UniEM-3M: A Universal Electron Micrograph Dataset for Microstructural Segmentation and Generation
This addresses a bottleneck in deep learning-based microstructural characterization for materials science, though it is incremental as it builds on existing segmentation and generation techniques.
The authors tackled the scarcity of large-scale, diverse, and expert-annotated electron micrograph datasets by introducing UniEM-3M, a dataset with 5,091 high-resolution images and about 3 million instance segmentation labels, and demonstrated that their baseline model UniEM-Net outperforms other advanced methods on this benchmark.
Quantitative microstructural characterization is fundamental to materials science, where electron micrograph (EM) provides indispensable high-resolution insights. However, progress in deep learning-based EM characterization has been hampered by the scarcity of large-scale, diverse, and expert-annotated datasets, due to acquisition costs, privacy concerns, and annotation complexity. To address this issue, we introduce UniEM-3M, the first large-scale and multimodal EM dataset for instance-level understanding. It comprises 5,091 high-resolution EMs, about 3 million instance segmentation labels, and image-level attribute-disentangled textual descriptions, a subset of which will be made publicly available. Furthermore, we are also releasing a text-to-image diffusion model trained on the entire collection to serve as both a powerful data augmentation tool and a proxy for the complete data distribution.
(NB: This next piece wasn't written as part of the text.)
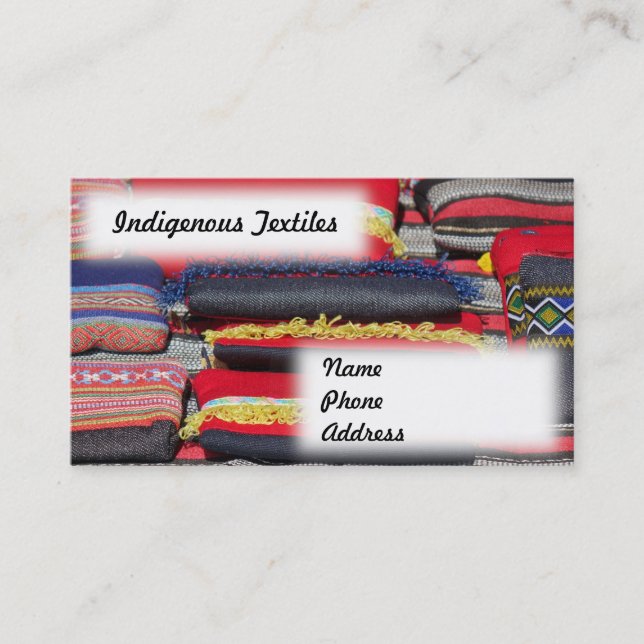 Native and Indigenous Textiles Business Card (Front)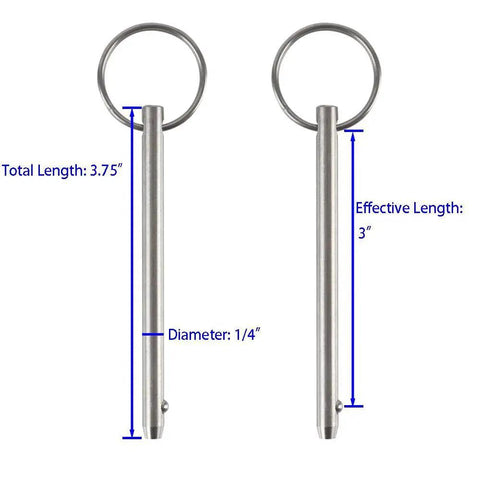 Front view of 4 Pack Quick Release Pin For Bimini Tops And Marine Hardware, 1/4 inch diameter, 3.75 inch length, 316 stainless steel.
To establish a rigorous benchmark, we evaluate various representative instance segmentation methods on the complete UniEM-3M and present UniEM-Net as a strong baseline model. Quantitative experiments demonstrate that this flow-based model outperforms other advanced methods on this challenging benchmark. Our multifaceted release of a partial dataset, a generative model, and a comprehensive benchmark -- available at huggingface -- will significantly accelerate progress in automated materials analysis.